* _Brief_:
Given the entries that follow, write out exactly the lines starting at the one containing "Route 202 colorful" and ending at the one containing "A woman in a", both ends included, and only those.

++++ Data excerpts

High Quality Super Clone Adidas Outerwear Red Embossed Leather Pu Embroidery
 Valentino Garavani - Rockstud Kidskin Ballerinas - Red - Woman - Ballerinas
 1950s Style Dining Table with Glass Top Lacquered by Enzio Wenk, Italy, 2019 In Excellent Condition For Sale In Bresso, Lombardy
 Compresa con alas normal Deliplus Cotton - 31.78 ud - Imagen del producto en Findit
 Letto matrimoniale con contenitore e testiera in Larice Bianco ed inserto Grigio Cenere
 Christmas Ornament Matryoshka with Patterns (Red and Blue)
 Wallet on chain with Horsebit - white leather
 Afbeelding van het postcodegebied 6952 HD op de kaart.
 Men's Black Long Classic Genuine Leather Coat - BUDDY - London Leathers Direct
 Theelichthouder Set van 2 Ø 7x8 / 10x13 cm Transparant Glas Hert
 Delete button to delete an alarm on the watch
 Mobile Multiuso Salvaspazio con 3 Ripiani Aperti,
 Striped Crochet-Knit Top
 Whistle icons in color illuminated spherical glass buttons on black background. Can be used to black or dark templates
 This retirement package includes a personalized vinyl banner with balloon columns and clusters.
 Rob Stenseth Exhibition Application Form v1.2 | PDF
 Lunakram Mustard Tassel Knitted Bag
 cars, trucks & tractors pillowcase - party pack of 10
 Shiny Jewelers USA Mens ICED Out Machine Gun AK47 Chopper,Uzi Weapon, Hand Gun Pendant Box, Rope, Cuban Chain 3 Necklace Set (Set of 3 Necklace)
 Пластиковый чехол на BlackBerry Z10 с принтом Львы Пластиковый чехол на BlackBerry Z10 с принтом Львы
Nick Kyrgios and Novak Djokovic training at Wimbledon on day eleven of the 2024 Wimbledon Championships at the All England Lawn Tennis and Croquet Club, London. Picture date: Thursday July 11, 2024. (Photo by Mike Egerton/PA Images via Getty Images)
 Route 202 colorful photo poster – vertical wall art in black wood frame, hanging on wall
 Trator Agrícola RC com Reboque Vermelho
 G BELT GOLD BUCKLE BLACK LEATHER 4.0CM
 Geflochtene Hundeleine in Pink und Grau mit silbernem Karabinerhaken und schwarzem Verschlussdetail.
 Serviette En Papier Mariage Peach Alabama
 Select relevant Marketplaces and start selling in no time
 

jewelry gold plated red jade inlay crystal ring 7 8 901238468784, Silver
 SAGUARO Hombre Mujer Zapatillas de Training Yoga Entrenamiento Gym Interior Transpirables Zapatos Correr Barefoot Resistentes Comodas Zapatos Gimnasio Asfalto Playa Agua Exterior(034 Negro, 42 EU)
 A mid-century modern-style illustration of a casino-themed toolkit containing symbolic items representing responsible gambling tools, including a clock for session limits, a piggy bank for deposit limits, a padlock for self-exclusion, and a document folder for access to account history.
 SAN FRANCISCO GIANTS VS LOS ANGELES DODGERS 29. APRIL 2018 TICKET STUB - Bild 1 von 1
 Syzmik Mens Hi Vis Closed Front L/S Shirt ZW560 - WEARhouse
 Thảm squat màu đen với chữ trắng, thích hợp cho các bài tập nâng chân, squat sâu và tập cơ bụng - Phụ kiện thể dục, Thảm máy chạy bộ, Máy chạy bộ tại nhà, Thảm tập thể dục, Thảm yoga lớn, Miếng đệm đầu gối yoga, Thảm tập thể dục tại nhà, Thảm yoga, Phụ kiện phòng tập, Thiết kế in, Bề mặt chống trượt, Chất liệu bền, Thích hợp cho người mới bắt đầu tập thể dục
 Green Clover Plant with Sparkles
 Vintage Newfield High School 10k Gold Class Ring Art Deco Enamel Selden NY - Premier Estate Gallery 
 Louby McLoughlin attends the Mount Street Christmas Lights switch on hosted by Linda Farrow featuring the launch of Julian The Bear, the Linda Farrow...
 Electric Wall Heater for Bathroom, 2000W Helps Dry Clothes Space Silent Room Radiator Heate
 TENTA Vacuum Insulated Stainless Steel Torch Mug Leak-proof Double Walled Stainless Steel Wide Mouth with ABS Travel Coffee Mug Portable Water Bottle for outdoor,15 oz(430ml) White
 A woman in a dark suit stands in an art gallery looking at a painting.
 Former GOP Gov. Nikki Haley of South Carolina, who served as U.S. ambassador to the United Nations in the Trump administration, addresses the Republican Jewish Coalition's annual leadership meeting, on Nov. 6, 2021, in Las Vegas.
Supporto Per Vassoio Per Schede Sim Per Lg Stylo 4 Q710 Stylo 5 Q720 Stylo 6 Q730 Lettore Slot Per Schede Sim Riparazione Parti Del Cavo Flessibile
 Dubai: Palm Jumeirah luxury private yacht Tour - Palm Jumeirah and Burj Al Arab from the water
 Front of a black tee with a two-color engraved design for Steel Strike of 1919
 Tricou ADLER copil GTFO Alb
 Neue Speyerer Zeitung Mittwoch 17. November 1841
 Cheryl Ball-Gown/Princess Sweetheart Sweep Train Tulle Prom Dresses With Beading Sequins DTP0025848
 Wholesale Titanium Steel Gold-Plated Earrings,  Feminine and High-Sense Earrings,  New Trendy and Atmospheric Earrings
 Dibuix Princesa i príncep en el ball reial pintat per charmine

++++++++

* _Solution to this exercise_:
 Route 202 colorful photo poster – vertical wall art in black wood frame, hanging on wall
 Trator Agrícola RC com Reboque Vermelho
 G BELT GOLD BUCKLE BLACK LEATHER 4.0CM
 Geflochtene Hundeleine in Pink und Grau mit silbernem Karabinerhaken und schwarzem Verschlussdetail.
 Serviette En Papier Mariage Peach Alabama
 Select relevant Marketplaces and start selling in no time
 

jewelry gold plated red jade inlay crystal ring 7 8 901238468784, Silver
 SAGUARO Hombre Mujer Zapatillas de Training Yoga Entrenamiento Gym Interior Transpirables Zapatos Correr Barefoot Resistentes Comodas Zapatos Gimnasio Asfalto Playa Agua Exterior(034 Negro, 42 EU)
 A mid-century modern-style illustration of a casino-themed toolkit containing symbolic items representing responsible gambling tools, including a clock for session limits, a piggy bank for deposit limits, a padlock for self-exclusion, and a document folder for access to account history.
 SAN FRANCISCO GIANTS VS LOS ANGELES DODGERS 29. APRIL 2018 TICKET STUB - Bild 1 von 1
 Syzmik Mens Hi Vis Closed Front L/S Shirt ZW560 - WEARhouse
 Thảm squat màu đen với chữ trắng, thích hợp cho các bài tập nâng chân, squat sâu và tập cơ bụng - Phụ kiện thể dục, Thảm máy chạy bộ, Máy chạy bộ tại nhà, Thảm tập thể dục, Thảm yoga lớn, Miếng đệm đầu gối yoga, Thảm tập thể dục tại nhà, Thảm yoga, Phụ kiện phòng tập, Thiết kế in, Bề mặt chống trượt, Chất liệu bền, Thích hợp cho người mới bắt đầu tập thể dục
 Green Clover Plant with Sparkles
 Vintage Newfield High School 10k Gold Class Ring Art Deco Enamel Selden NY - Premier Estate Gallery 
 Louby McLoughlin attends the Mount Street Christmas Lights switch on hosted by Linda Farrow featuring the launch of Julian The Bear, the Linda Farrow...
 Electric Wall Heater for Bathroom, 2000W Helps Dry Clothes Space Silent Room Radiator Heate
 TENTA Vacuum Insulated Stainless Steel Torch Mug Leak-proof Double Walled Stainless Steel Wide Mouth with ABS Travel Coffee Mug Portable Water Bottle for outdoor,15 oz(430ml) White
 A woman in a dark suit stands in an art gallery looking at a painting.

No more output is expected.